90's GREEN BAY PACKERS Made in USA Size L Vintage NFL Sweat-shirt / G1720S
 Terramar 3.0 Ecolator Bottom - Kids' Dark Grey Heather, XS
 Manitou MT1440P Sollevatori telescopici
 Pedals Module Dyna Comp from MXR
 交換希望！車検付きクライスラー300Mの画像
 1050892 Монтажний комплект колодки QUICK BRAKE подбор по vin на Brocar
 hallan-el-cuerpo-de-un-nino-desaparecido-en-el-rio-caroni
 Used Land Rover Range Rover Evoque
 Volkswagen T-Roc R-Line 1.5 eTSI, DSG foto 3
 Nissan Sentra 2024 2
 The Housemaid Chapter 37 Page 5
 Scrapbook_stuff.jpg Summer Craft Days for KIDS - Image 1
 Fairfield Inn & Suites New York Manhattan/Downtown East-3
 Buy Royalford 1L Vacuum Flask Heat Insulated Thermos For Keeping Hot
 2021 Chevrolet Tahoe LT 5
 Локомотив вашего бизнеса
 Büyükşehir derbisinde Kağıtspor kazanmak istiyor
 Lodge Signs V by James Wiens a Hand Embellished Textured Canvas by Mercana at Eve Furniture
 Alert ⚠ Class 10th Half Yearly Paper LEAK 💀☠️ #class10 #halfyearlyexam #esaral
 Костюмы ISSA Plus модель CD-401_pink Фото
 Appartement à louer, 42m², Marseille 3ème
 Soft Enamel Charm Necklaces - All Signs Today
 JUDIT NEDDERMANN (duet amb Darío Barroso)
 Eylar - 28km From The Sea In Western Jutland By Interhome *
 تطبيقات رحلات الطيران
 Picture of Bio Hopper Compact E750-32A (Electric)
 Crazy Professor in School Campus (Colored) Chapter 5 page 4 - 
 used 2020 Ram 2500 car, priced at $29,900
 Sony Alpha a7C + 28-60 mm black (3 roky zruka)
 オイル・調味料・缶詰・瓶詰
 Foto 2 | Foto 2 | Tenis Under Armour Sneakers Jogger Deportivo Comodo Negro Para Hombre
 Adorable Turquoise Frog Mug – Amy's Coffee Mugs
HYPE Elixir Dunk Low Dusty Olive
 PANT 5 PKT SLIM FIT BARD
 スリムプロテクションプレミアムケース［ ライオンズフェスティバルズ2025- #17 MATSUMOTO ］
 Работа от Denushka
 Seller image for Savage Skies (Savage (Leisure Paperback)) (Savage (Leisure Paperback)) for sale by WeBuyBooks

[WORK ORDER] Keeping every character as it is, restate the lines above that run from the line with "The Housemaid Chapter 37 Page 5" through the line with "used 2020 Ram 2500 car, priced at $29,900", both included, and nothing else.

[RESULT BELOW]
 The Housemaid Chapter 37 Page 5
 Scrapbook_stuff.jpg Summer Craft Days for KIDS - Image 1
 Fairfield Inn & Suites New York Manhattan/Downtown East-3
 Buy Royalford 1L Vacuum Flask Heat Insulated Thermos For Keeping Hot
 2021 Chevrolet Tahoe LT 5
 Локомотив вашего бизнеса
 Büyükşehir derbisinde Kağıtspor kazanmak istiyor
 Lodge Signs V by James Wiens a Hand Embellished Textured Canvas by Mercana at Eve Furniture
 Alert ⚠ Class 10th Half Yearly Paper LEAK 💀☠️ #class10 #halfyearlyexam #esaral
 Костюмы ISSA Plus модель CD-401_pink Фото
 Appartement à louer, 42m², Marseille 3ème
 Soft Enamel Charm Necklaces - All Signs Today
 JUDIT NEDDERMANN (duet amb Darío Barroso)
 Eylar - 28km From The Sea In Western Jutland By Interhome *
 تطبيقات رحلات الطيران
 Picture of Bio Hopper Compact E750-32A (Electric)
 Crazy Professor in School Campus (Colored) Chapter 5 page 4 - 
 used 2020 Ram 2500 car, priced at $29,900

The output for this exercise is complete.